Sept 16 2015

NATURAL WONDERS

THE OVERKILL OF NATURE

Rex Burress

 

Federal Environmental Species Act protection on the American eel is being proposed to list them as threatened.

Although eels are found largely along the Atlantic coast, over-harvesting through the lack of adequate regulations and 80 percent habitat loss due largely to dam blockage of their migratory route, has driven the long, slick, fish to an all-time low, again rearing the ugly head of extinction.

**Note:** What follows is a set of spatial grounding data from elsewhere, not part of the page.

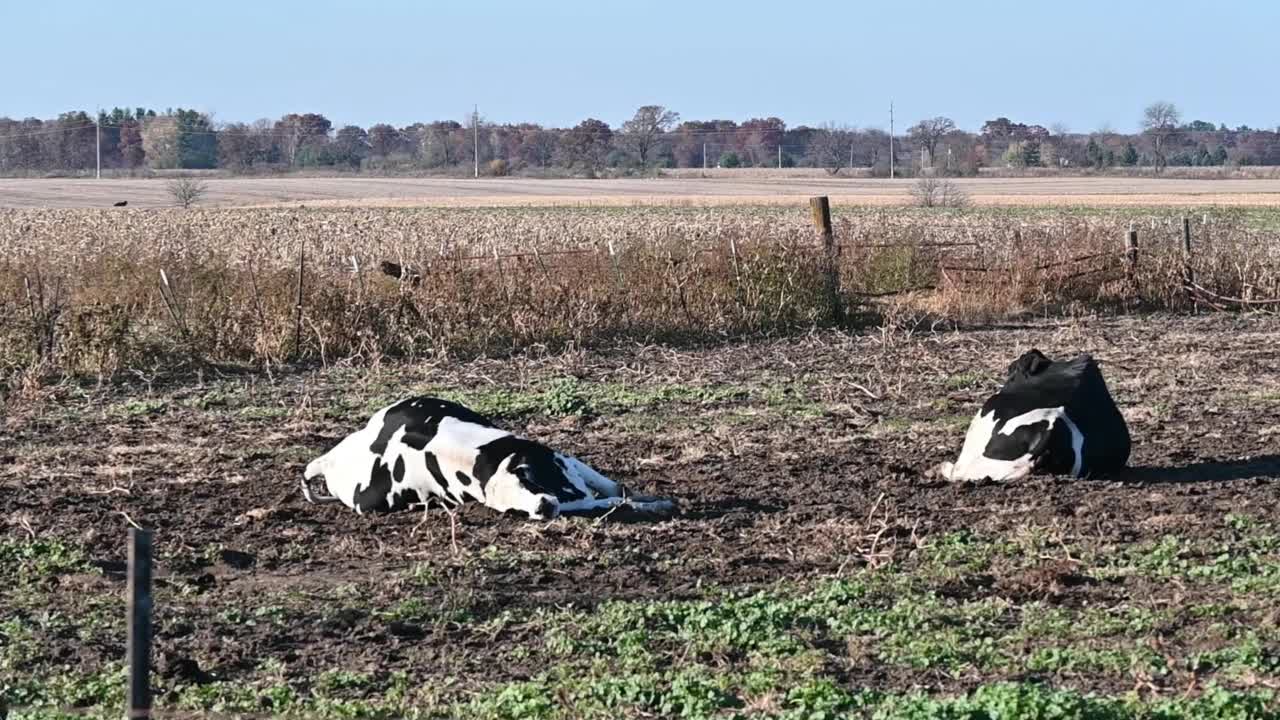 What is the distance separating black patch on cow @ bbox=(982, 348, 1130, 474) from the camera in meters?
10.1

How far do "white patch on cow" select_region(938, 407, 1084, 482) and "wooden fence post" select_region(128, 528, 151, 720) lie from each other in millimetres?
7337

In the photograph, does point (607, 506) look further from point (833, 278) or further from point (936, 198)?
point (936, 198)

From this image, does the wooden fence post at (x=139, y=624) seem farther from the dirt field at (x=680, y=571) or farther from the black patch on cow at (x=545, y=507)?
the black patch on cow at (x=545, y=507)

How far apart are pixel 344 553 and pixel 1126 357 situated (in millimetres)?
10453

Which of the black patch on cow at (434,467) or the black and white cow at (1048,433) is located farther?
the black and white cow at (1048,433)

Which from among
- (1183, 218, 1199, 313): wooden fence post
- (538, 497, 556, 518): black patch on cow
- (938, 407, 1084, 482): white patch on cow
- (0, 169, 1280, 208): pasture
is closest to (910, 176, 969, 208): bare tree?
(0, 169, 1280, 208): pasture

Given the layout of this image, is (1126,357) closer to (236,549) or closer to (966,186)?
(236,549)

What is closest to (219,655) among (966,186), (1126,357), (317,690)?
(317,690)

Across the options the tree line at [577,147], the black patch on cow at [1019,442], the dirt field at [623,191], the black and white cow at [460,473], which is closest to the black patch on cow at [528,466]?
the black and white cow at [460,473]

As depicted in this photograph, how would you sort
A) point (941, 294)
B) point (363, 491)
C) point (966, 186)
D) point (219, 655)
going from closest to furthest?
point (219, 655) → point (363, 491) → point (941, 294) → point (966, 186)

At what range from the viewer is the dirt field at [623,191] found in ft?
228

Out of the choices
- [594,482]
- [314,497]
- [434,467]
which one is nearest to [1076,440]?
[594,482]

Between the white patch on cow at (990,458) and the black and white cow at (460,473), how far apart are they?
201 cm

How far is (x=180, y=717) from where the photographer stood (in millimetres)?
5934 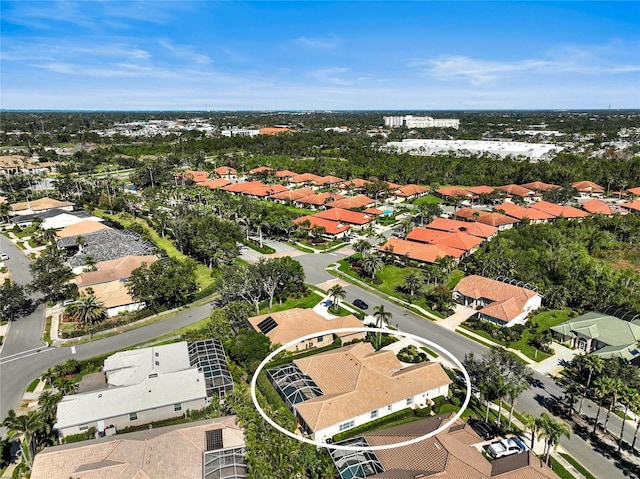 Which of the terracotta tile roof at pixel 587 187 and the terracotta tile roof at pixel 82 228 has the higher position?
the terracotta tile roof at pixel 587 187

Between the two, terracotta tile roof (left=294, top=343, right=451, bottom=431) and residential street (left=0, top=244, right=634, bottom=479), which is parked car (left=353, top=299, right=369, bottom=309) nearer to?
residential street (left=0, top=244, right=634, bottom=479)

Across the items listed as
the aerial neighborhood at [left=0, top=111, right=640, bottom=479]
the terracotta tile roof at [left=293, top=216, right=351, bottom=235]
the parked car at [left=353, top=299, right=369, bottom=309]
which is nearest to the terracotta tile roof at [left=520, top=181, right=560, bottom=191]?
the aerial neighborhood at [left=0, top=111, right=640, bottom=479]

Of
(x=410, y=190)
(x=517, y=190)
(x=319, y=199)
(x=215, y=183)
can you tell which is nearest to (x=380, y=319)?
(x=319, y=199)

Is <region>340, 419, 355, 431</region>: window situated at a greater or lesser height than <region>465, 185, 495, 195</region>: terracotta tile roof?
lesser

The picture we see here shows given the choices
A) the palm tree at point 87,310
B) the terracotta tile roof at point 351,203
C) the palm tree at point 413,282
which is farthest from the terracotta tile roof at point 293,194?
the palm tree at point 87,310

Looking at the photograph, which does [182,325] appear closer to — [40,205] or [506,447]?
[506,447]

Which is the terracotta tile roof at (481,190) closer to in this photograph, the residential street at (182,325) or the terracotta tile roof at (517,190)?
the terracotta tile roof at (517,190)

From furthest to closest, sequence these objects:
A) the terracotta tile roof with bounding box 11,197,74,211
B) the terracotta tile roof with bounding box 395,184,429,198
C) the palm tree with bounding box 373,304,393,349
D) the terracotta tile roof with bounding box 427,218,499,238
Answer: the terracotta tile roof with bounding box 395,184,429,198
the terracotta tile roof with bounding box 11,197,74,211
the terracotta tile roof with bounding box 427,218,499,238
the palm tree with bounding box 373,304,393,349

The eel fishery market has been driven by the high demand for elvers, or baby eels, in Asia that raise them to maturity for food, including sushi. The price has risen from $100 a pound to $2,100 a pound, stressing the existence of all eel species. Maine is the main source of American eel elvers, but many Atlantic states harvest older eels. If you've ever seen an eel, which is a rare sight on the west coast, you will wonder who could eat such a slimy, snake-like, creature called a fish!

We are reminded of other roads to extinction for certain animals, led by the unbelievable loss of the passenger pigeon in the early 1900's. Their numbers were so staggeringly high that no one could believe that the beautiful bird could become extinct. Migrations occurred in the Mississippi Valley that were so vast their flight would blacken the sky for three days, as reported by bird-man John James Audubon. The weight of them roosting would break tree limbs. They were dynamited and fed to hogs by the barrel. Within a few years the last one died in a zoo in 1914.

Even though there is some natural decline among certain species that fail to adapt to changing circumstances, the extinction and endangered lists for animals, and plants, are far too long in the short time of 400 years. The dire deal is largely caused by displacement of wildlife habitats due to human occupation. Since year 1600, about 905 species have become extinct, and about 16,928 endangered. Is it inevitable that wildlife loses out because of the necessity for human living places? This applies especially to large animals that need more space to hunt and forage.

Why save the eel, or the whale, when they are not part of most people's lives? John Muir reflected on the issue when he replied to the question of why was poison oak ever created. He said: “Like most other things not apparently useful to man, poison oak has few friends, and the question, “Why was it made?” goes on and on with never a guess that first of all it might have been made for itself...the universe would be incomplete without the smallest transmicroscopic creature that dwells beyond our conceitful eyes and knowledge.”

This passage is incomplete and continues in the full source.